Congruence modulo m: Find Smallest Int Value

[pc2-brazil]

Homework Statement

Find a formula for the integer with smallest absolute value that is congruent to an integer a modulo m, where m is a positive integer.

Homework Equations

An integer x is congruent to an integer a modulo m if and only if:
$$x \equiv a \pmod m$$

The Attempt at a Solution

From the definition:
$$x \mod m = a \mod m$$
or:
$$x - a = km$$
where k is an integer.
From the division "algorithm":
$$x = mq + a\mod m$$
where q is the quotient.
But I'm not sure on how to proceed from here.

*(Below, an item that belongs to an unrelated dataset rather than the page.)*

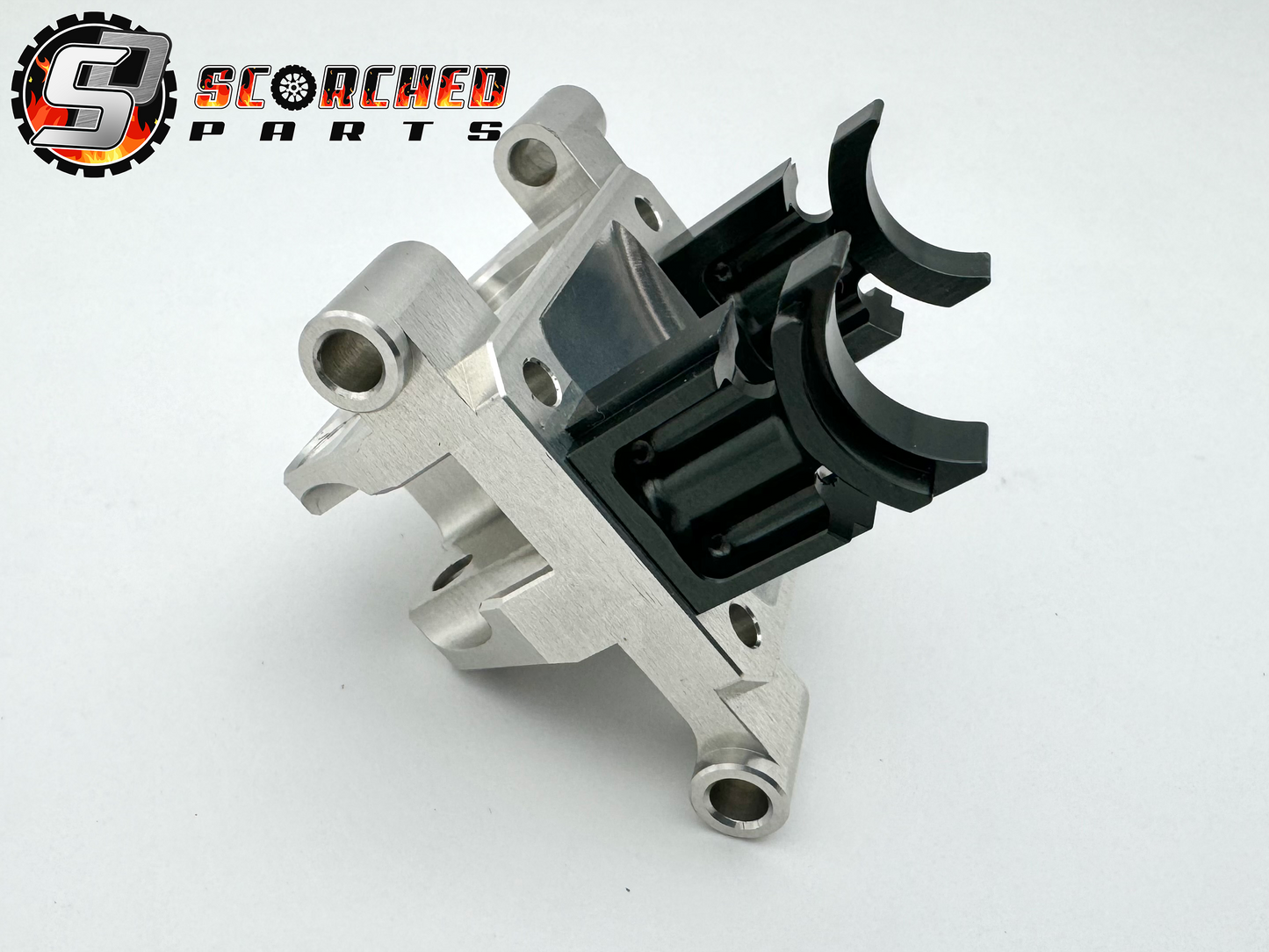 Billet Brace Mount Top - Arrma  Kraton EXB 1/8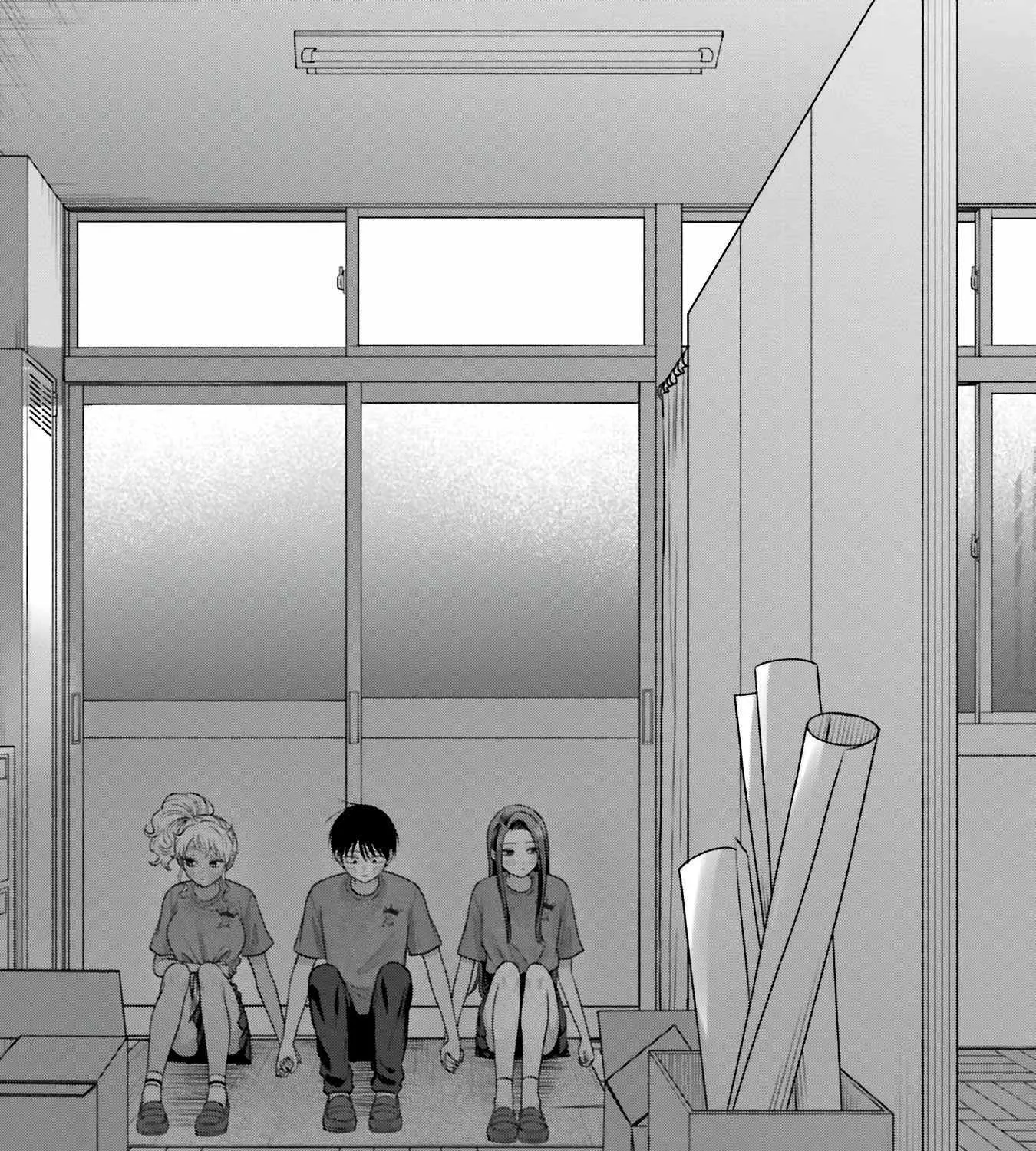 Gal Can’t Be Kind to Otaku!? Chapter 29 page 23 -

The textbook gives a strange answer: $x \mod m$ if $x \mod m \leq \left \lceil m/2 \right \rceil$ and $(x \mod m) - m$ if $x \mod m > \left \lceil m/2 \right \rceil$
I would say that the smallest absolute value of x is when the quotient (q above) is 0. Thus:
$$x=a\mod m$$
According to the answer, $x=a\mod m$ is only true if $x \mod m \leq \left \lceil m/2 \right \rceil$, but I can't figure out why.

Thank you in advance.

 

[HallsofIvy]

For example, If a= 5 and m= 7, then x= 5 (mod 7) if and only if x= 5+ 7k for integer k. k= 0 gives x= 5, of course, and k= -1 gives x= -2. The "smallest absolute value" is 2, not 5, because ⌈m/2⌉= 3 and 3< 5. If a= 3 then x= 3 (mod n7) if and only if x= 3+ 7k. k= 0 gives x= 3 while k= -1 gives 3- 7= -4. Now the "smallest absolute value" is 3.

In general x= a (mod m) (for $0\le a< m) if and only if x= a+ mk for integer k. k= 0 gives x= a> 0 and k= -1 gives a- m< 0. Which of those has smaller absolute value depends on how close a is to m.$